Site icon Telepress

MuSkin, come un fungo parassita diventa un abito sostenibile

Creazione in MuSkin

Creazione in MuSkin

Un progetto di tesi degli allievi di Modartech Pontedera riporta all’attenzione un brevetto eco di qualche tempo fa, oggi ancora più utile in ottica di una maggiore sostenibilità.

Se è vero che le tendenze spuntano come funghi, è vero anche che certi funghi possono fare tendenza. Tra le proposte più originali presentate recentemente al Graduation Day in Fashion Design dell’istituto Modartech di Pontedera, in provincia di Pisa, ci sono stati gli accessori in MuSkin, tessuto dalla consistenza simile alla pelle ottenuto da un particolare fungo parassita che cresce sul tronco degli alberi. Sembra camoscio, sia per la consistenza, sia per il colore ma non nuoce assolutamente alla rupicapra. A metterli a punto la studentessa Giuditta Rossi, che spiega a Telepress.news: “Stavo cercando una soluzione innovativa per realizzare degli accessori e dare completezza alla mia collezione all’insegna della sostenibilità. Ho avviato ricerche in tante direzioni e alla fine ho scelto la pelle vegetale che deriva dal Phellinus Ellipsoideus, perché viene prodotta in un’azienda del mio stesso comune”.

La studentessa diplomatasi al Modartech Giuditta Rossi

La Grado Zero Espace – Pangaia Grado Zero ha infatti sede a Montelupo Fiorentino e la sua Chief Technical Officer, Giada Dammacco, presentava sulla stampa l’innovazione partita dal fungo parassita già nel 2012, proprio quando Modartech ha iniziato a declinare la sua offerta formativa anche in chiave di sostenibilità. “È un impegno che ci caratterizza da almeno 10 anni”, spiega il direttore dell’istituto di Pontedera, Alessandro Bertini: “Crediamo che questa sia la strada giusta per il futuro e a confermarcelo sono i numeri: quest’anno la rete di partner tecnici sale a quota 200 e il network di aziende coinvolte supera le 800 realtà”. I ragazzi escono effettivamente con le idee molto chiare rispetto a come applicare i loro progetti: “Dovessi scegliere un personaggio cui far indossare i miei accessori sarebbe Harry Styles”, dichiara Rossi, “per la sua esuberanza e apertura nei confronti delle novità.
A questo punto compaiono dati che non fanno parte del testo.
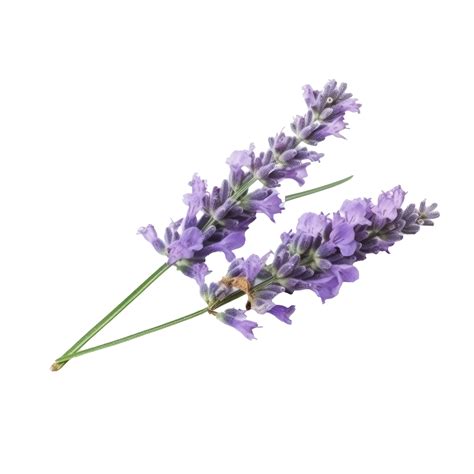 Lavender Flower Isolated 22149250 Png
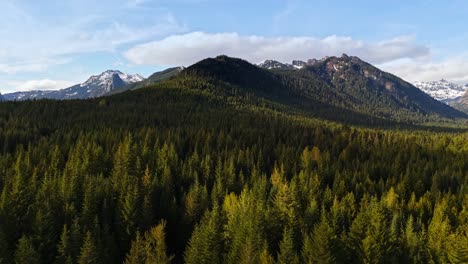 aerial view of washington state landscapes and evergreen forest with mountains in the background at gold creek pond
Un sogno sarebbe poi avere l’approvazione di Pierpaolo Piccioli e ritrovare le mie creazioni in una sfilata di Valentino”.

Fra gli altri progetti di tesi anche quelli per utilizzare i pellami di scarto e difettati e lanciare messaggi di inclusività e accettazione. Ci sono, ad esempio, idee di abiti che richiamano le malattie della pelle e per questo utilizzano pellami considerati difettosi che in realtà nascondono caratteristiche uniche e particolari, oppure collezioni che partono da un racconto crudo, di violenze, soprusi e femminicidi, ma che attraverso l’utilizzo di abiti dai colori vivaci vogliono rappresentare un simbolo di rinascita e metamorfosi.